Since the beginning of 2022, oil prices have risen nearly 20%, from $76 per barrel to about $91 as of this writing. So it's perhaps no coincidence that a pure-play exploration and production company like Diamondback saw its stock rise by nearly the same amount.
The company sold off its Williston Basin assets back in October, as well as some gas-gathering and water midstream assets, to become a pure play in the low-cost Delaware and Midland basins of the Permian Shale.
Diamondback has also been paying down debt in 2021. With the remaining assets in its most efficient basins, the company is primed to make big-time cash flows in 2022 should oil maintain its high prices. At $80 per barrel, management projects $3.5 billion in free cash flow for 2022. At $90 per barrel, that figure would surge to $3.9 billion, versus just a $23.6 billion market cap today.
Given the better-than-expected demand amid the strong U.S. economy, lower investment in oil exploration on the part of producers, and tensions between big producer Russia and Ukraine, oil prices have been on the rise, with some analysts predicting $100 oil in short order.

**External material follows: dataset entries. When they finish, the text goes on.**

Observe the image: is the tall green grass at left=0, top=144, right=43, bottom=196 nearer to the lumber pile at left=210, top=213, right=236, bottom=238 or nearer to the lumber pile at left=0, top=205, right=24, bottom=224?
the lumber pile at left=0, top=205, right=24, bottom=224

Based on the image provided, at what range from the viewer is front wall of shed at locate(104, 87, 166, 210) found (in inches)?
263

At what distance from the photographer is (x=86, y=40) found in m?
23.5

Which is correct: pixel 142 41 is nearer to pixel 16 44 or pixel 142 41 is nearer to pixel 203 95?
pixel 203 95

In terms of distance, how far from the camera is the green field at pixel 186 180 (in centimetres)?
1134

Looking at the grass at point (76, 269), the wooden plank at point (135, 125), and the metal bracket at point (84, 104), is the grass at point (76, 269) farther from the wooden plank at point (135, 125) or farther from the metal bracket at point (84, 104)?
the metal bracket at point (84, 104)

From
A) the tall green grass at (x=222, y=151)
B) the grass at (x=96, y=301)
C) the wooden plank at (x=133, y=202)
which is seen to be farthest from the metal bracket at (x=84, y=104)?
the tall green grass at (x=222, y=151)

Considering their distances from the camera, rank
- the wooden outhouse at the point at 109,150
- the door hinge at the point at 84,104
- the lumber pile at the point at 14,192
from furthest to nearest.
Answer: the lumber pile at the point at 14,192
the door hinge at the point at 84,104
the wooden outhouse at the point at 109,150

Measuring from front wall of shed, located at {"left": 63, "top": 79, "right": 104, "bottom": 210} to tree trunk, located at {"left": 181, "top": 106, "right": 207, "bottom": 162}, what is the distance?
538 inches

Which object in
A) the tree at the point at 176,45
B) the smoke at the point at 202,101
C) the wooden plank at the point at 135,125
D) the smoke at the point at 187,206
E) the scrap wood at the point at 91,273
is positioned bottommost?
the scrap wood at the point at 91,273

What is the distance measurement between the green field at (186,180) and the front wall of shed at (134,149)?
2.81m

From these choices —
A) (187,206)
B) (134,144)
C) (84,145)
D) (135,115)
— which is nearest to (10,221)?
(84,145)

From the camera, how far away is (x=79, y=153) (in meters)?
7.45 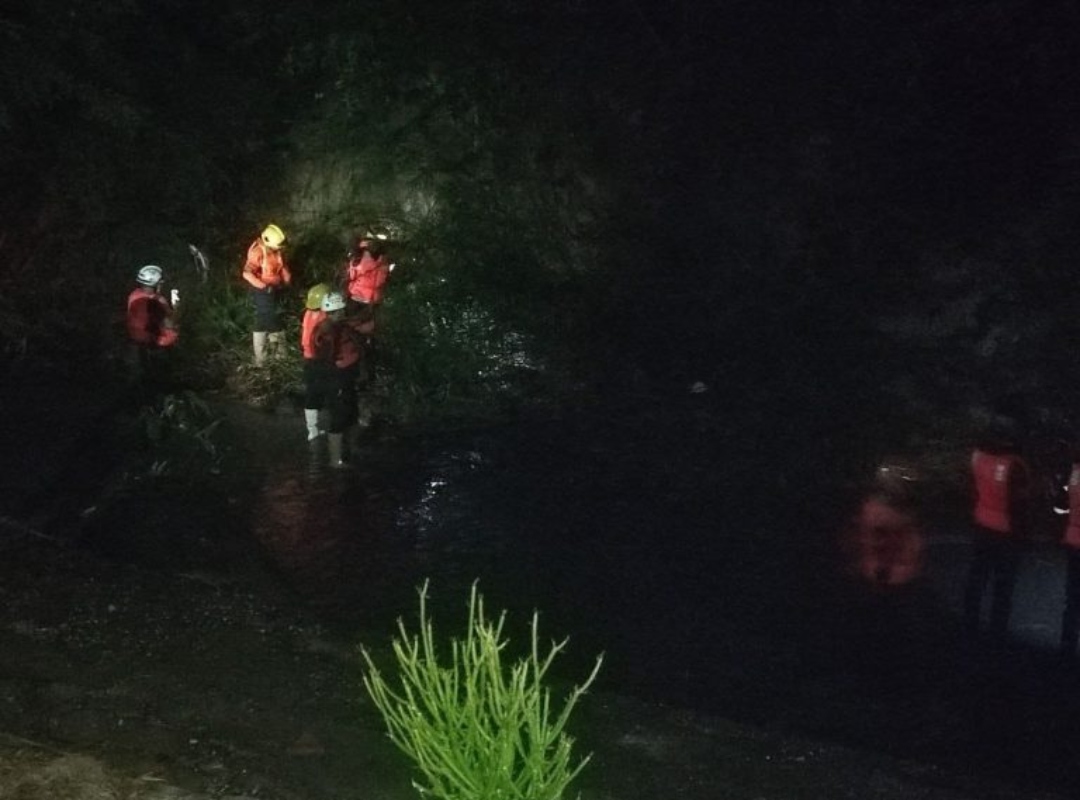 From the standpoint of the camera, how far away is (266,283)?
38.9ft

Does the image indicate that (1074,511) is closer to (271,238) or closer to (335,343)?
(335,343)

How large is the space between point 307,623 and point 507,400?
5.88 meters

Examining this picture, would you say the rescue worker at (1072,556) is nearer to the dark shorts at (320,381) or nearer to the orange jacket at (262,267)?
the dark shorts at (320,381)

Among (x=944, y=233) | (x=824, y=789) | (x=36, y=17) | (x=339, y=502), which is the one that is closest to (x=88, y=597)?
(x=339, y=502)

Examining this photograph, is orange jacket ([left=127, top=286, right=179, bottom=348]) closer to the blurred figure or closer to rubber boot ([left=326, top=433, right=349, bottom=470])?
rubber boot ([left=326, top=433, right=349, bottom=470])

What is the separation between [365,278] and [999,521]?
20.6 feet

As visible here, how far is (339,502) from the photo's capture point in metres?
9.43

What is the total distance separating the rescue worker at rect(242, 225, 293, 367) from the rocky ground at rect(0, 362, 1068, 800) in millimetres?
4904

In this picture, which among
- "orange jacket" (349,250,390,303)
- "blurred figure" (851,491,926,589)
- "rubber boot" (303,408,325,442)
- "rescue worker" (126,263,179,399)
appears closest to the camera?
"blurred figure" (851,491,926,589)

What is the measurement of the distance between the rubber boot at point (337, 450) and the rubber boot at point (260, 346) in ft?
7.28

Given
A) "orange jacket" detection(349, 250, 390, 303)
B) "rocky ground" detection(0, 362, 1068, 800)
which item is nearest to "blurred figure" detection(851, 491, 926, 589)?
"rocky ground" detection(0, 362, 1068, 800)

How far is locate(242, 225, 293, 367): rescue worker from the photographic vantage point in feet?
38.8

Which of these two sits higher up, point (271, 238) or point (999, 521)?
point (271, 238)

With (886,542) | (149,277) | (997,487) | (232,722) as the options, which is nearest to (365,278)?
(149,277) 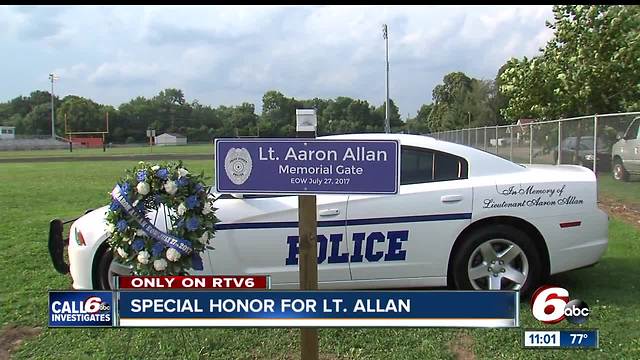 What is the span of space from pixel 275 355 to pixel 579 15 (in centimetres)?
1751

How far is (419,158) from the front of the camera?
4.88 m

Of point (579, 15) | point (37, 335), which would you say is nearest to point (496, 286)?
point (37, 335)

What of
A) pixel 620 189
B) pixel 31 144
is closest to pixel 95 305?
pixel 620 189

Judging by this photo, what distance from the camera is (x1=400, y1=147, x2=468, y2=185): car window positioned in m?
4.83

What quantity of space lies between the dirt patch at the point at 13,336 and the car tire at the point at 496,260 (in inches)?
131

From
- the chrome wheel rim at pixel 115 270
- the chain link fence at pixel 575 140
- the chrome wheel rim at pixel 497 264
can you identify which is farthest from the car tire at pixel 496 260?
the chain link fence at pixel 575 140

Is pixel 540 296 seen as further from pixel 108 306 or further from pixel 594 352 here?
pixel 108 306

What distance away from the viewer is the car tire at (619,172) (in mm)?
12180

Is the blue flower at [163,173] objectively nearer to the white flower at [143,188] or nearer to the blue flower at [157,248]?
the white flower at [143,188]

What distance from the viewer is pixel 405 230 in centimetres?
459

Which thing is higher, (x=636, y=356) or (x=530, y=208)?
(x=530, y=208)

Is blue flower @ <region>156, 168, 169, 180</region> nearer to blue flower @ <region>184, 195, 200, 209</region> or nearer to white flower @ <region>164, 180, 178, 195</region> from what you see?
white flower @ <region>164, 180, 178, 195</region>

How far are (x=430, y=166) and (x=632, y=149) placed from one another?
29.4 ft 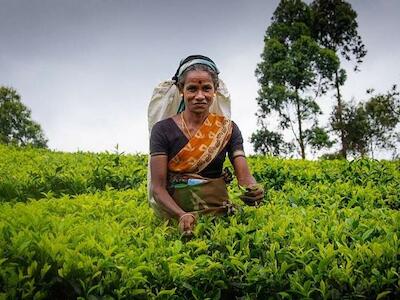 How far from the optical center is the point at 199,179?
3289 millimetres

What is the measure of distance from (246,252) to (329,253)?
1.62ft

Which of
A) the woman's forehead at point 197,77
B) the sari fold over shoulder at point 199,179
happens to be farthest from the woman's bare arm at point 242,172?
the woman's forehead at point 197,77

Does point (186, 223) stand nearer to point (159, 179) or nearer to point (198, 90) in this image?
point (159, 179)

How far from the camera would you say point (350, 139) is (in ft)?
86.0

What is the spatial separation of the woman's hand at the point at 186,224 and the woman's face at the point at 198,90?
0.82 m

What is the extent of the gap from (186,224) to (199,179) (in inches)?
16.4

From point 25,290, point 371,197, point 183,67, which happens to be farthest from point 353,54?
point 25,290

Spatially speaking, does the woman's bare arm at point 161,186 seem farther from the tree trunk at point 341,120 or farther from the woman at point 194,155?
the tree trunk at point 341,120

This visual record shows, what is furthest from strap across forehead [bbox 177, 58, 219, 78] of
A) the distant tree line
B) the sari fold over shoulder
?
the distant tree line

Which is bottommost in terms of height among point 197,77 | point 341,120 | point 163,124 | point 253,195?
point 253,195

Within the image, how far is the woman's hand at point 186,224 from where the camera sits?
299cm

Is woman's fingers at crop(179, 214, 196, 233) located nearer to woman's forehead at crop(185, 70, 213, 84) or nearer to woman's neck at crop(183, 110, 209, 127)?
woman's neck at crop(183, 110, 209, 127)

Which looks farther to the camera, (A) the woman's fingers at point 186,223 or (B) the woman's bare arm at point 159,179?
(B) the woman's bare arm at point 159,179

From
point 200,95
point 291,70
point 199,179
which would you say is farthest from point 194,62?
point 291,70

Now that Diamondback has shored up its balance sheet, management is going to raise returns to shareholders in 2022. The company recently raised its fixed dividend to $2 annually, up from $1.85 last year, and now forecasts returning up to 50% of free cash flow to shareholders in either variable dividends or share repurchases, with the rest going to further debt paydown.
Low-cost shale players seem like good bets as long as oil prices stay high, and Diamondback is definitely one of several top-tier pure shale plays after its divestitures. If you believe in a sustained high oil price or want to hedge against a further price shock, investors could do worse than Diamondback.